(EXERCISE GOAL):
Could you restate every entry word for word, leaving the pictures out?

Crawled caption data
____________

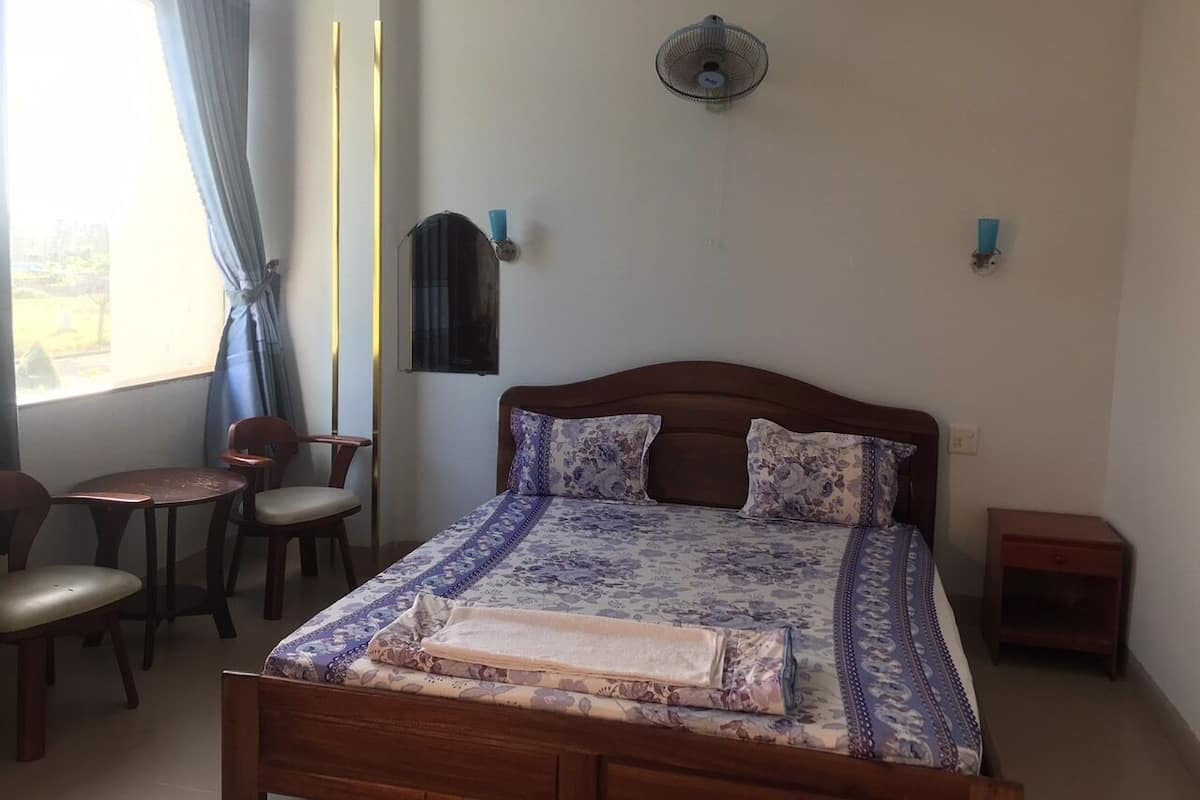 Une chambre à coucher comprenant un lit, une petite table, deux chaises, une table de chevet et une fenêtre avec des rideaux.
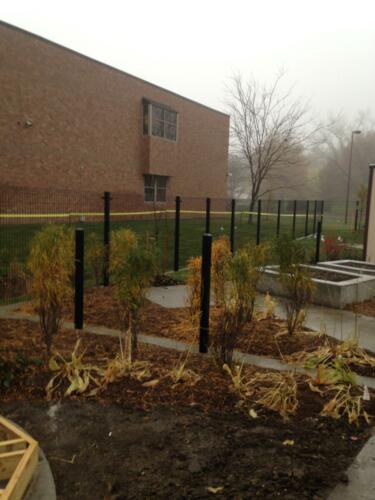 6 - 8 foot black woven and welded wire fence creating an enclosure along a large brick building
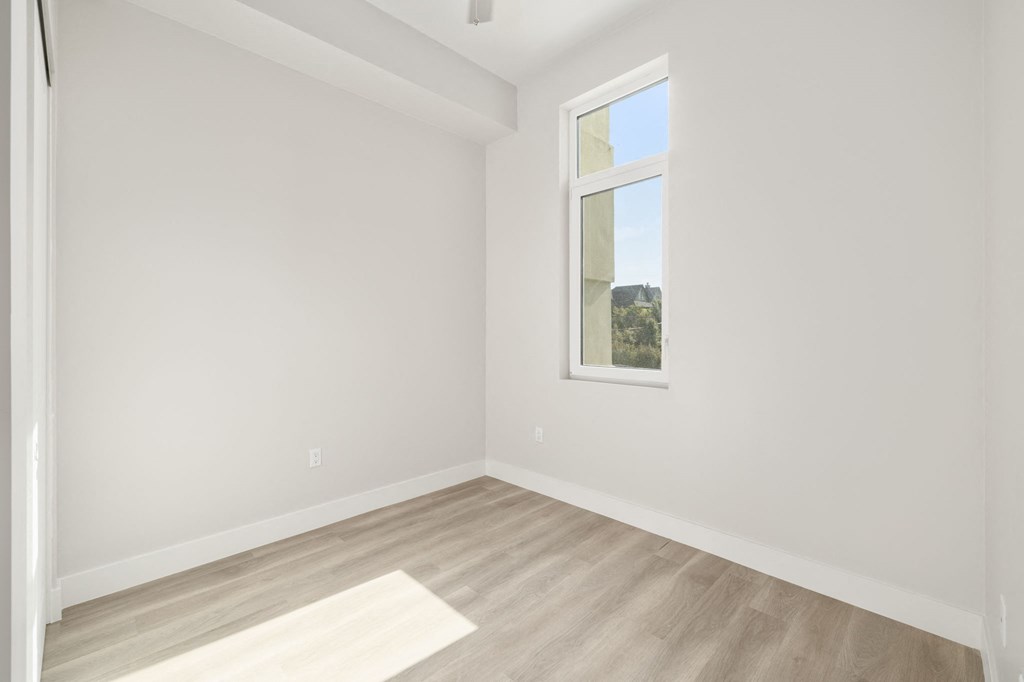 an empty room with white walls and a window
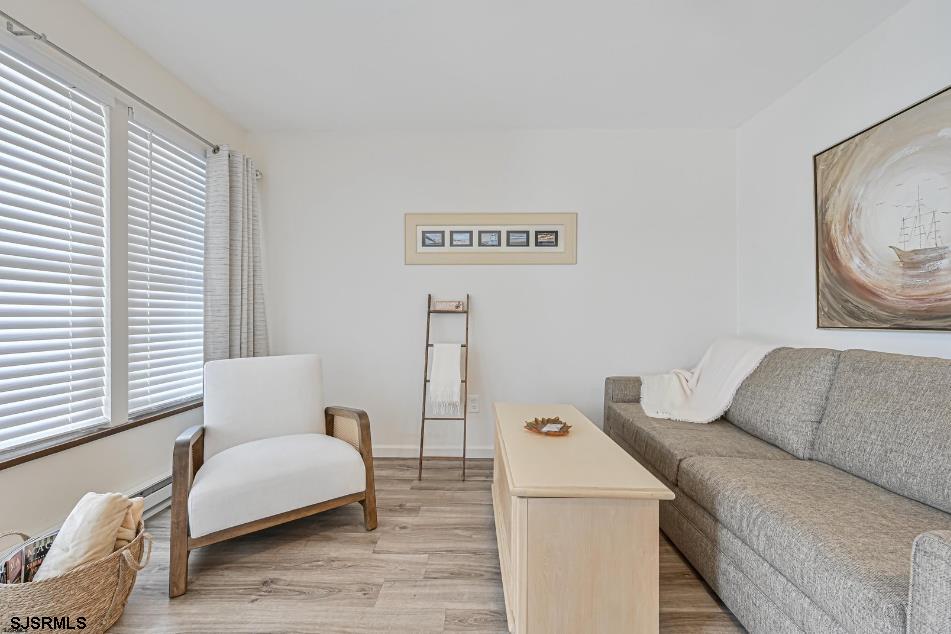 413 East Brigantine Avenue, Unit 28 Brigantine, NJ 08203 - Photo 8 of 20 a living room with furniture and a couch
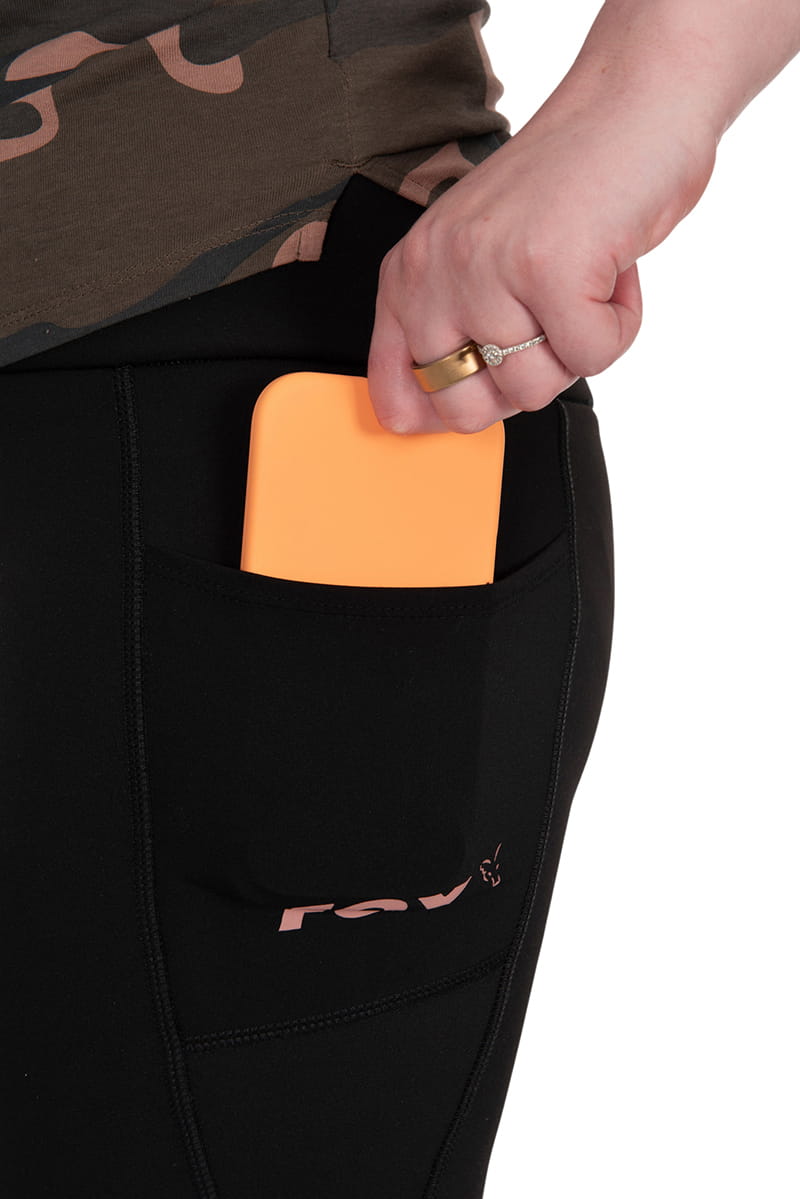 orange phone, t pocket, midsection, leggings, phone case not visible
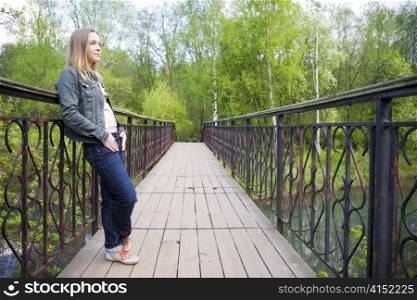 Young Woman Looking Forward From The Bridge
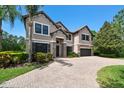 Stately home with a three-car garage, beautiful landscaping and a paver driveway, exuding curb appeal at 11624 Calf Path Dr, Tampa, FL 33626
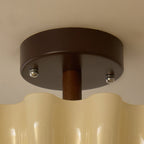 Close view of the round walnut-brown canopy, silver screws and wooden stem where this Clérachic light meets the ceiling.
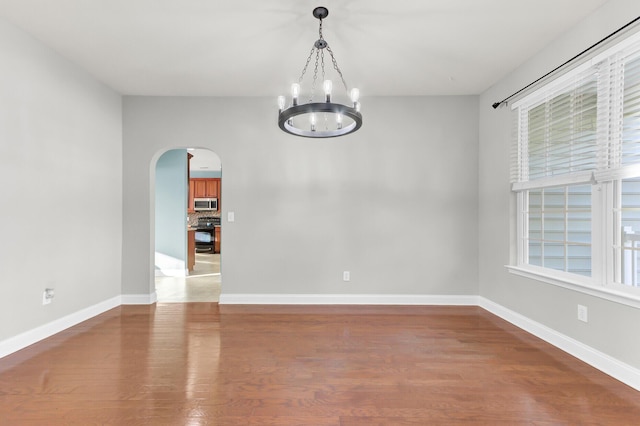 unfurnished room featuring arched walkways, an inviting chandelier, light wood finished floors, and baseboards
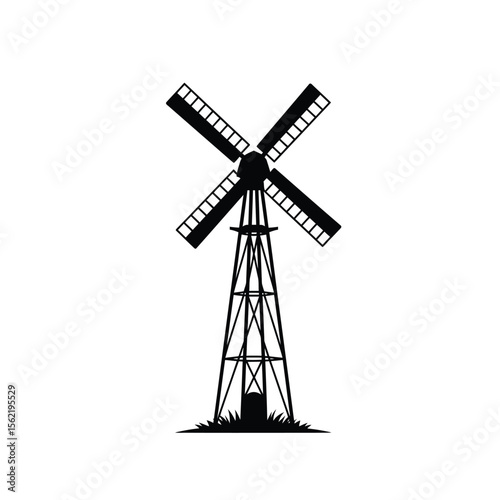 Black and white image of a traditional Dutch windmill with sails against a dark sky, evoking old European agricultural power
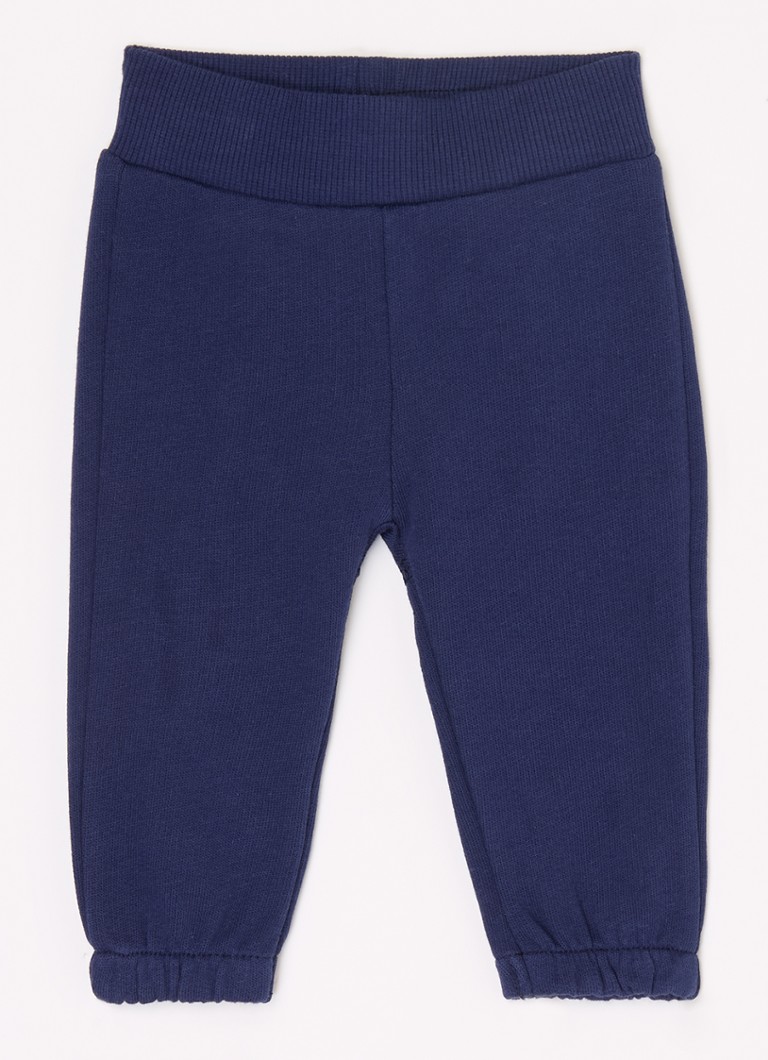 Pantaloni de trening Benetton cu croială conică și broderie.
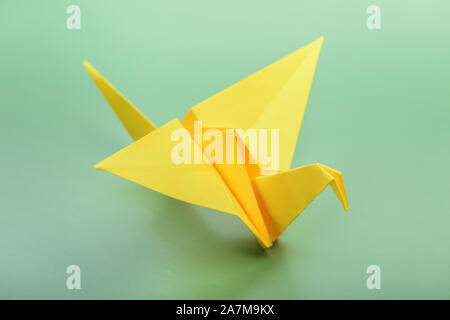 Origami bird on green background. Japanese folded paper swan. Peace and hope symbol Stock Photo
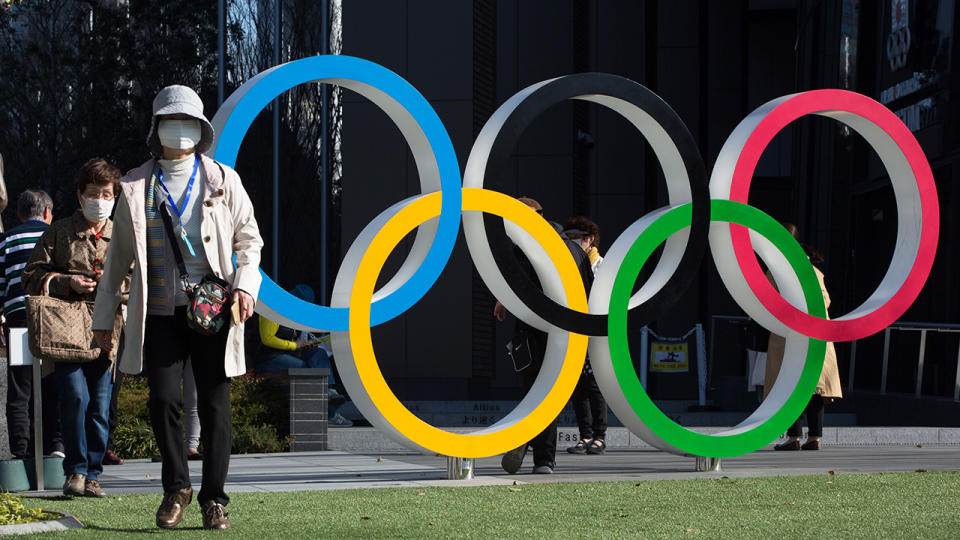 Women with surgical masks, pictured here walking next to the Olympic Rings in front of the Japan Olympic Museum in Shinjuku.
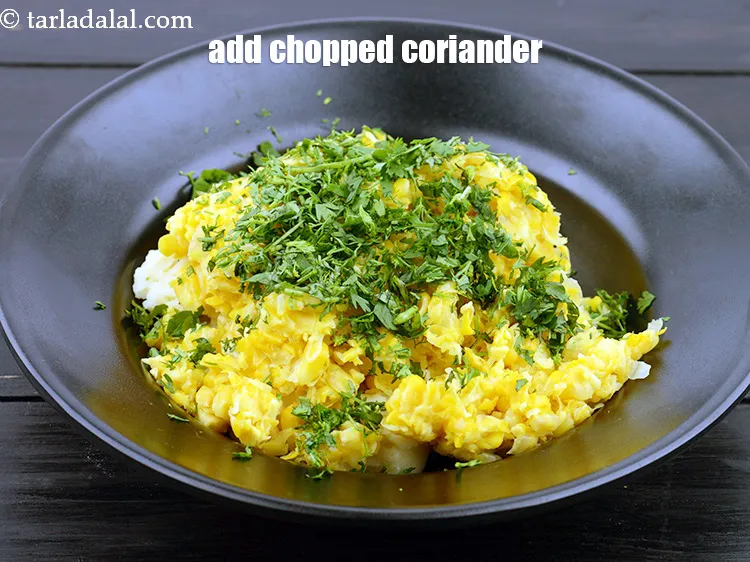 Step 14 – Add 1/4 cup&nbsp;finely&nbsp;<a href="https://www.tarladalal.com/glossary-chopped-coriander-783i">chopped coriander (dhania)</a>.&nbsp;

____________

(RESPONSE FOR THIS EXERCISE):
 Une chambre à coucher comprenant un lit, une petite table, deux chaises, une table de chevet et une fenêtre avec des rideaux.
 6 - 8 foot black woven and welded wire fence creating an enclosure along a large brick building
 an empty room with white walls and a window
 413 East Brigantine Avenue, Unit 28 Brigantine, NJ 08203 - Photo 8 of 20 a living room with furniture and a couch
 orange phone, t pocket, midsection, leggings, phone case not visible
 Young Woman Looking Forward From The Bridge
 Stately home with a three-car garage, beautiful landscaping and a paver driveway, exuding curb appeal at 11624 Calf Path Dr, Tampa, FL 33626
 Close view of the round walnut-brown canopy, silver screws and wooden stem where this Clérachic light meets the ceiling.
 unfurnished room featuring arched walkways, an inviting chandelier, light wood finished floors, and baseboards
 Black and white image of a traditional Dutch windmill with sails against a dark sky, evoking old European agricultural power
 Pantaloni de trening Benetton cu croială conică și broderie.
 Origami bird on green background. Japanese folded paper swan. Peace and hope symbol Stock Photo
 Women with surgical masks, pictured here walking next to the Olympic Rings in front of the Japan Olympic Museum in Shinjuku.
 Step 14 – Add 1/4 cup&nbsp;finely&nbsp;<a href="https://www.tarladalal.com/glossary-chopped-coriander-783i">chopped coriander (dhania)</a>.&nbsp;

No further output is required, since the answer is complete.